Where the string "Imagem" occurs in a line of the data below, that line should be copied.

[Records from a collection]
*****

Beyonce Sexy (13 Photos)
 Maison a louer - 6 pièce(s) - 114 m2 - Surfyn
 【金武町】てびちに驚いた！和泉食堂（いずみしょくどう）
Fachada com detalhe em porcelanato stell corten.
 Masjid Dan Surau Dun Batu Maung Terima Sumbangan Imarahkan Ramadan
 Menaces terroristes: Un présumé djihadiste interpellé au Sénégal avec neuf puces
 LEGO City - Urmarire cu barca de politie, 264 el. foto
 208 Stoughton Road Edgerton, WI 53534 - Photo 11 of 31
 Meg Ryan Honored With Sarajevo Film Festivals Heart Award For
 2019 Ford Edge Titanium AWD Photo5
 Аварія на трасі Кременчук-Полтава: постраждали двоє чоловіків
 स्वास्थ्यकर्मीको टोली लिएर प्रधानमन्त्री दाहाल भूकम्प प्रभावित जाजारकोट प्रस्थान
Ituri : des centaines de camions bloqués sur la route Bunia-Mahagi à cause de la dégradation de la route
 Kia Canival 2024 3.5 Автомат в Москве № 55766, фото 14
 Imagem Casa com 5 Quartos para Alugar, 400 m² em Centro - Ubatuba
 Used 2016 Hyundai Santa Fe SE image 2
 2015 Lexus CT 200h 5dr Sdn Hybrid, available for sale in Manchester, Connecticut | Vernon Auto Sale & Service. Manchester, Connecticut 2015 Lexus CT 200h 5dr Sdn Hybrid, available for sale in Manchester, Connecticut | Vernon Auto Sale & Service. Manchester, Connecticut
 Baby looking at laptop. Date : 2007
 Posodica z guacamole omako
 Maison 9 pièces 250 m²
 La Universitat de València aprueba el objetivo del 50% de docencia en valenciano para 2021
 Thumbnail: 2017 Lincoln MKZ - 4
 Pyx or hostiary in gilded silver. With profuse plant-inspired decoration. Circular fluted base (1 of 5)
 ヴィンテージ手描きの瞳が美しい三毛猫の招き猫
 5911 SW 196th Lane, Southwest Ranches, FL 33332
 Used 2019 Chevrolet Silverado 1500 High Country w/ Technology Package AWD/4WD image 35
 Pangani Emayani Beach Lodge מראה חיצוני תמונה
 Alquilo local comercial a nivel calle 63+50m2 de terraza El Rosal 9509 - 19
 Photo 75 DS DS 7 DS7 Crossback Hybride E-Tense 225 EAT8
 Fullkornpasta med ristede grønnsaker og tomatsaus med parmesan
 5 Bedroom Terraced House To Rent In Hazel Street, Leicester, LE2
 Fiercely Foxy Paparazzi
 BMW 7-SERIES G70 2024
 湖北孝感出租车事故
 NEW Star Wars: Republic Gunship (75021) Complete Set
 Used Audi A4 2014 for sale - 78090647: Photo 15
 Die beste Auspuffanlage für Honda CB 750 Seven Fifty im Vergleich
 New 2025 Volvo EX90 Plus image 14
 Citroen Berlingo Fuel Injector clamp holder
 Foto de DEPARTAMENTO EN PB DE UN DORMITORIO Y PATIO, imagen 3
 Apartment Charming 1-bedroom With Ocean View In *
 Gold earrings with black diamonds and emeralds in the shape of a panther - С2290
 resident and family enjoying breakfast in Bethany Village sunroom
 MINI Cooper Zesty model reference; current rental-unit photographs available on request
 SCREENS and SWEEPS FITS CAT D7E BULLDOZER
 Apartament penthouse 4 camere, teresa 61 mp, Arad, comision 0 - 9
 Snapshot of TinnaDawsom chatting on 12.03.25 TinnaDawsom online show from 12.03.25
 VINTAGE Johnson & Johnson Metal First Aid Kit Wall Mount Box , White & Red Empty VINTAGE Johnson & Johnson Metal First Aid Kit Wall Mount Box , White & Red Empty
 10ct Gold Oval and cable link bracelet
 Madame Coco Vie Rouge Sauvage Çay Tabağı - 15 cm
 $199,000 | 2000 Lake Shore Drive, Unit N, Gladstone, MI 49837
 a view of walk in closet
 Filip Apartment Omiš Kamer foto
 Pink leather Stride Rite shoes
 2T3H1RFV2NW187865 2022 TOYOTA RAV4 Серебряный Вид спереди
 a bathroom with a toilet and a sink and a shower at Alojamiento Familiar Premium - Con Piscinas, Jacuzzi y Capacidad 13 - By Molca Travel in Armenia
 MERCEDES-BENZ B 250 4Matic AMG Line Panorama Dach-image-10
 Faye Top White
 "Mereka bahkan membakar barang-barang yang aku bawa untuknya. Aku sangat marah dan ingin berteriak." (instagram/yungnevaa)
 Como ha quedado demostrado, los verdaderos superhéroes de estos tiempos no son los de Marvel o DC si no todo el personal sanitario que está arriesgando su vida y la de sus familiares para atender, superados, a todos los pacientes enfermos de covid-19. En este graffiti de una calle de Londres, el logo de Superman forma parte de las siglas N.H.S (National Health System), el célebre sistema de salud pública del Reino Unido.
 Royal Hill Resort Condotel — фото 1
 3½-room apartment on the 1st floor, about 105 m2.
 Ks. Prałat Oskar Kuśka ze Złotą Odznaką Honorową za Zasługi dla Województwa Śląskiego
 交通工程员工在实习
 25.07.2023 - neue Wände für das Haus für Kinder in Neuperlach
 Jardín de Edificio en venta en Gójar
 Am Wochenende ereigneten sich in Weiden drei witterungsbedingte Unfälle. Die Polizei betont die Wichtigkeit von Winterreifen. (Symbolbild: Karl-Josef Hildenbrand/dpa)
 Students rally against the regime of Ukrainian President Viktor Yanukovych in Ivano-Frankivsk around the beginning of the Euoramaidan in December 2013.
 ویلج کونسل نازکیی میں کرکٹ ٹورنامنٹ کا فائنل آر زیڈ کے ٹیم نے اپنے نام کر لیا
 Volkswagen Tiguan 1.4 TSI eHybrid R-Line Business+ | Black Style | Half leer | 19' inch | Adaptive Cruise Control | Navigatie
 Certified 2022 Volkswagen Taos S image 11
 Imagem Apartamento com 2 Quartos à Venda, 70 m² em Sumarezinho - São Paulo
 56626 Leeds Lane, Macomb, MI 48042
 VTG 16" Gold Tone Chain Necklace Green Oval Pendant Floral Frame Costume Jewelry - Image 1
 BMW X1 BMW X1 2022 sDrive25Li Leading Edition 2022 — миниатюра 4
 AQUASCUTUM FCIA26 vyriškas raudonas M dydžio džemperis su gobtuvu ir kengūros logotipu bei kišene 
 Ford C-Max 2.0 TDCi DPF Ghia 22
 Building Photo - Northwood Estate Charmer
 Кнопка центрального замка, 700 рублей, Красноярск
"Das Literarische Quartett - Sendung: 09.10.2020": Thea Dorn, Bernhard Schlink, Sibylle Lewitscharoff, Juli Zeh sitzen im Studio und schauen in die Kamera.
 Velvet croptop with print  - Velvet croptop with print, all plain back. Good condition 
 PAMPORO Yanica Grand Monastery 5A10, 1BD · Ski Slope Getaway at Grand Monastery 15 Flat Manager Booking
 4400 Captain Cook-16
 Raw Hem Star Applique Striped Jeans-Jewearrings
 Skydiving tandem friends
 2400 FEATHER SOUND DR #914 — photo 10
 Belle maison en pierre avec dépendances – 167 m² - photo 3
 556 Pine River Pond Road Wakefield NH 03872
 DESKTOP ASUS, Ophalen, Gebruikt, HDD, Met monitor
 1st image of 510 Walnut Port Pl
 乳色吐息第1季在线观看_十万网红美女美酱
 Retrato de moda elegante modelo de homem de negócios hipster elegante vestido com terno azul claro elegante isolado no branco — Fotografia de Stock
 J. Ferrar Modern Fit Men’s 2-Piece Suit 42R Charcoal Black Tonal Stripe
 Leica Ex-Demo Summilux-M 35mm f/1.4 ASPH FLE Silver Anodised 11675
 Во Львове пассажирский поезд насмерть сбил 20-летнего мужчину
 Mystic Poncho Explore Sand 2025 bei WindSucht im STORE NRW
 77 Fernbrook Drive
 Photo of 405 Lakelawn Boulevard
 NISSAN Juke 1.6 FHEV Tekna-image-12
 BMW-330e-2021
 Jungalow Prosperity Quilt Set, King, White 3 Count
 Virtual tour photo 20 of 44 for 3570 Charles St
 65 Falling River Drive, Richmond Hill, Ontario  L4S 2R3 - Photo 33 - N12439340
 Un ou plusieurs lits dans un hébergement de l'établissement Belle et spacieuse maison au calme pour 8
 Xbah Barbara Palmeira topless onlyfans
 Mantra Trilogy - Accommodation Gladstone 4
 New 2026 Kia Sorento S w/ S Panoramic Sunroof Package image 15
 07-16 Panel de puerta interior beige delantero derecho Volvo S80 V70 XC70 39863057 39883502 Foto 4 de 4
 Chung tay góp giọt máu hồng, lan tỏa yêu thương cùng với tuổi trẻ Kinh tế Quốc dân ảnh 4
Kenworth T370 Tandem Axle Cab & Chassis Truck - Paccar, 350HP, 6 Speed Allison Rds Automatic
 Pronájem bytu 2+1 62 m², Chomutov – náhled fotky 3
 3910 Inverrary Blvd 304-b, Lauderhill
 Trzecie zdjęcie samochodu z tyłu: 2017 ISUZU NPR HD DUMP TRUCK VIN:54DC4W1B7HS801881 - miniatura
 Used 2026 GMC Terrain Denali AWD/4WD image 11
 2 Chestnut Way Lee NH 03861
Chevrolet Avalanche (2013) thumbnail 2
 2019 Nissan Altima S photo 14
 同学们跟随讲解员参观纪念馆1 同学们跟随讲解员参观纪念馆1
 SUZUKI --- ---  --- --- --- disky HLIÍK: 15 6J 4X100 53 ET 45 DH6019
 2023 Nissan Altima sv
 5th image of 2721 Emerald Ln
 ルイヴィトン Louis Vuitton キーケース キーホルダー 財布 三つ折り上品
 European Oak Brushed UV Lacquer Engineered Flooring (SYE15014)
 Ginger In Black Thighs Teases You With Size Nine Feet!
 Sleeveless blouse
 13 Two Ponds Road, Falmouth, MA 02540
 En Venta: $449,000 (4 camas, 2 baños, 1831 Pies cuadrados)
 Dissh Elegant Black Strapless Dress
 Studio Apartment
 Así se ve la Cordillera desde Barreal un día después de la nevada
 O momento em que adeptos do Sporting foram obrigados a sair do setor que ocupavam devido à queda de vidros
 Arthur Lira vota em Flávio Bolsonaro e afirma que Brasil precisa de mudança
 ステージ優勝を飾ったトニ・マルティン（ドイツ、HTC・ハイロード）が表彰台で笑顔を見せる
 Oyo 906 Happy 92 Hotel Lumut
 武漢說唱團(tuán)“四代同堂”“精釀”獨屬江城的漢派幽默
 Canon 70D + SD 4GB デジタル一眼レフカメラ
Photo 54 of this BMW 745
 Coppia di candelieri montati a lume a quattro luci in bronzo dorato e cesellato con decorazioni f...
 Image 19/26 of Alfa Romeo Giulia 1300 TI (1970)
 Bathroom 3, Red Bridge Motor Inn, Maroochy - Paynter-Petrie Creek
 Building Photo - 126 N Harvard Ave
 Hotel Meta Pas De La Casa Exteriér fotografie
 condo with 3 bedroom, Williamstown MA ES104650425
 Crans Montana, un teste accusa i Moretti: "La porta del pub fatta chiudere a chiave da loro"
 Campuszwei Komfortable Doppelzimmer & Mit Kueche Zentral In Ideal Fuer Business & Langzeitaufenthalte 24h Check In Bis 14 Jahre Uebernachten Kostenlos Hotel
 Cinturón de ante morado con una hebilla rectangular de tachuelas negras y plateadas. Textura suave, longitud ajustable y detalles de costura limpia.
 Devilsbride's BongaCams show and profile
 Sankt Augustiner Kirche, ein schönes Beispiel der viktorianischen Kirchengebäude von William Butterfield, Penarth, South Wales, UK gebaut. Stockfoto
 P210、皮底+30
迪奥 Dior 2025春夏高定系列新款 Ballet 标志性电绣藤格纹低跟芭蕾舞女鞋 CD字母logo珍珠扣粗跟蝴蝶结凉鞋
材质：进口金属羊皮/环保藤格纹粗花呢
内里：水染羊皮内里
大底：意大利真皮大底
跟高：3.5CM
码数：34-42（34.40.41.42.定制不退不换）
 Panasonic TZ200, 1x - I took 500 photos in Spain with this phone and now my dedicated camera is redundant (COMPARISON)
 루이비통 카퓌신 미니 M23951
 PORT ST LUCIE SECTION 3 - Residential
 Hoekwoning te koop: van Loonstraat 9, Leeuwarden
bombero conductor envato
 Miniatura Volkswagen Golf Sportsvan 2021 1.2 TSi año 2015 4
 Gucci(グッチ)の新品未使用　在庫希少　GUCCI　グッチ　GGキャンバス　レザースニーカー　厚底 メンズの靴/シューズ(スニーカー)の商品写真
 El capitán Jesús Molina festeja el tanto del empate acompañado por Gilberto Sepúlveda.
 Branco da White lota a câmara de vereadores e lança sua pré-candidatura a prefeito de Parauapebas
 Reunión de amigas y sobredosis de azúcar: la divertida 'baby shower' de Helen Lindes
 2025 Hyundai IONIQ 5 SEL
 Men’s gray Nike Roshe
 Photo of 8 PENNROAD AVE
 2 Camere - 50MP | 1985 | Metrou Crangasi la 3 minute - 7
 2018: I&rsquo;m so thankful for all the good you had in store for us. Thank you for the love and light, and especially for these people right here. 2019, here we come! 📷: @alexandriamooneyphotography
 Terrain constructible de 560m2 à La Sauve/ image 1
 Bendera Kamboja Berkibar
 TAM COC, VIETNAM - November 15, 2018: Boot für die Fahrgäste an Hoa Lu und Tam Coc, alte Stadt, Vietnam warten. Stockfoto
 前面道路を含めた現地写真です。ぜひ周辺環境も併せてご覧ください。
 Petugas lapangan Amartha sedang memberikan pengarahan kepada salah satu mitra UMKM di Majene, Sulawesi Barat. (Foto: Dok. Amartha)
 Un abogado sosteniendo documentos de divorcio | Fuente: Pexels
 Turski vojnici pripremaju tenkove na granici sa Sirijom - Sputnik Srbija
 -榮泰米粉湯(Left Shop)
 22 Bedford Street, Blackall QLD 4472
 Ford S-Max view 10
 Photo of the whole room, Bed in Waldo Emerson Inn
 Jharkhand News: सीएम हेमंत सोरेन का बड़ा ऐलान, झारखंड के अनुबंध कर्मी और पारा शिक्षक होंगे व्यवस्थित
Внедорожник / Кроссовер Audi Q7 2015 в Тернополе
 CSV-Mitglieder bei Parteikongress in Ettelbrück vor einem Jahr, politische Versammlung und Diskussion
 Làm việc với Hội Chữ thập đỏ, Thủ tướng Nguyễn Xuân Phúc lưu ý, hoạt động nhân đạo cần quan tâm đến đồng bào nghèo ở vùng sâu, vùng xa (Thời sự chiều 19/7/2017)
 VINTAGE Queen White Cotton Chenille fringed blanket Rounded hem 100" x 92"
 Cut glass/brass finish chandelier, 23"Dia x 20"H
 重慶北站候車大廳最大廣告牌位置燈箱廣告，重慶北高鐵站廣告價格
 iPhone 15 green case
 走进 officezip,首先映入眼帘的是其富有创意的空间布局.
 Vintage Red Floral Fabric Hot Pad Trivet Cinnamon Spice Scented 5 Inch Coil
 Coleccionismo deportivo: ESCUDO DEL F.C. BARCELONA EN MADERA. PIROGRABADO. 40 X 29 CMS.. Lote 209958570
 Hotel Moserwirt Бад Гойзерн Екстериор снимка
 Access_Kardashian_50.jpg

*****

• RESULT OF THE TASK
 Imagem Casa com 5 Quartos para Alugar, 400 m² em Centro - Ubatuba
 Imagem Apartamento com 2 Quartos à Venda, 70 m² em Sumarezinho - São Paulo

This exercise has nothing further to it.